Chahine again announced his position in Al-Nasser Salah el-Din, a film produced in 1963, in which he presented his position regarding the Israeli occupation of Palestine. The film, a historical work, deals with the capture of Jerusalem by the Crusaders in the Middle Ages and its liberation by Saladin, and it was a vehicle for Chahine to express his pan- Arab views and his support for the Palestinian people's struggle against occupation.

In this film, Chahine's technical skills were happily wedded to his political beliefs, and this matching of political content with powerful, sometimes even stunning, artistic effects reached its climax in Chahine's 1969 film The Land. Here, Chahine succeeded in staging unforgettable panoramic scenes depicting the struggle of the peasants against the confiscation of their land by a feudal landlord and the state authorities supporting him.

Scenes in this film of peasants rising up against their oppressor, or of soldiers on horseback attacking them, or of the death of the film's main character, Mohamed Abu Soweilim, tied by his feet and dragged along by a horse as he clings to the earth with his fingers, are among the most memorable in the whole of Arab cinema, and a great part of the reason why they stick in the memory many years later is due to their artistic accomplishment.

However, The Land, unforgettable as it is, was to become Chahine's last truly popular film, and he began to move towards a more philosophically nuanced style of filmmaking, while still retaining his sympathy for the poor and dispossessed.
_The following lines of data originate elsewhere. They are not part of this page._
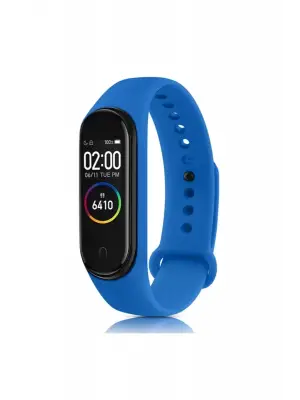 ieg™  Xiaomi Mi Band 4 Klasik Kordon - Mavi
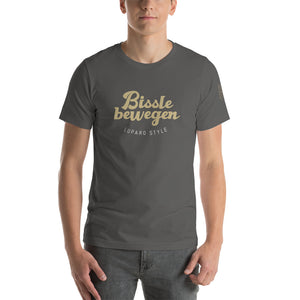 Unisex-T-Shirt Bissle Bewegen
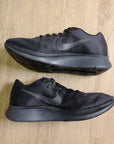 【NIKE / ZOOM FLY TRIPLE BLACK / US 9】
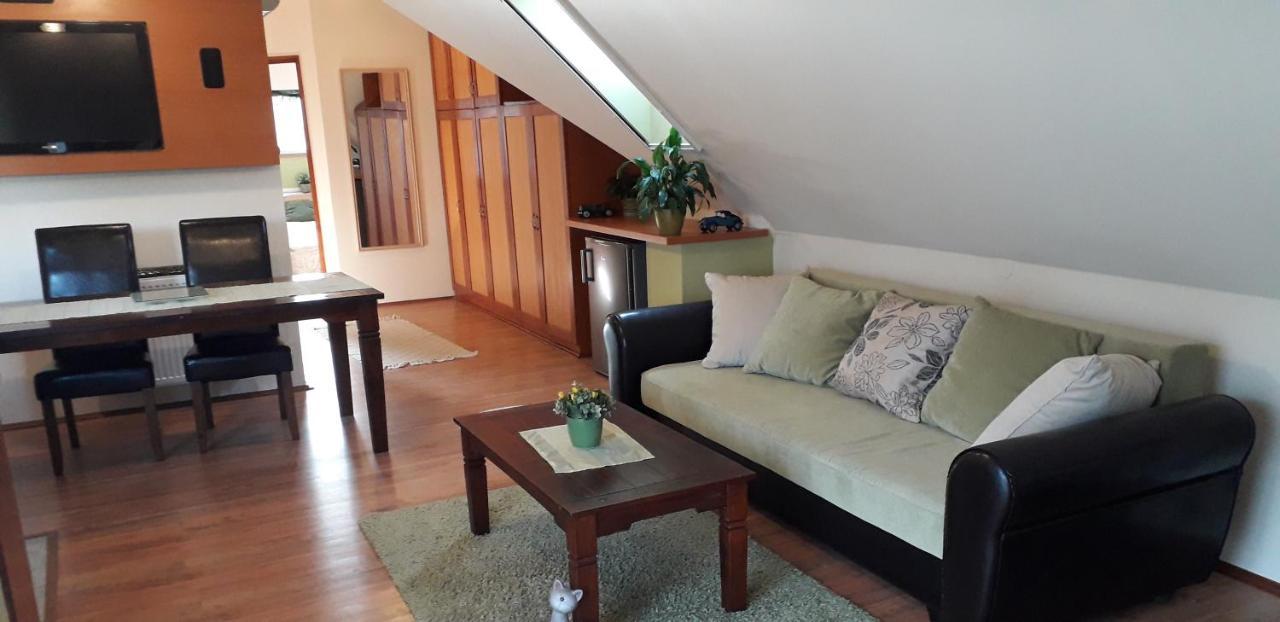 Diana Apartmanhaz Keszthely Buitenkant foto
In The Choice, for example, made in 1970, Chahine showed his preoccupation with the relationship between intellectuals and the political power represented by the state, especially in Third World countries such as Egypt.

The film features two brothers who are identical twins, the first being bohemian and anti-establishment, and the second working in the service of the establishment. This device is used as a metaphor for the schism that afflicts intellectuals living under authoritarian regimes, and Chahine's use of it can still cause confusion for many even today, especially since an alleged murder committed by one of the twin brothers against the other takes place in the film, though it is never really clear who has killed whom.

In 1973, Chahine took his anti-establishment sentiments one step further in The Sparrow, accusing the establishment with its rampant corruption of being the main reason behind the 1967 defeat. This radical anti-establishment mood persisted in Chahine's work until his last film, This is Chaos, released last year, which deals with corruption and police abuse in contemporary Egypt.

However, perhaps the most socially radical film of all those that Chahine produced is The Return of the Prodigal Son, which ends in a massacre. Members of the family in the film, representing authority, all die at each other's hands, leaving only the two young protagonists who manage to flee the scene in disgust at the family members' struggle for power.

As many critics have noted in the obituaries of Chahine that have appeared over the past week, his career was one of the boldest in Egyptian and Arab cinema, and for this alone, as well as for the influence he has exercised over generations of filmmakers, he will always be remembered.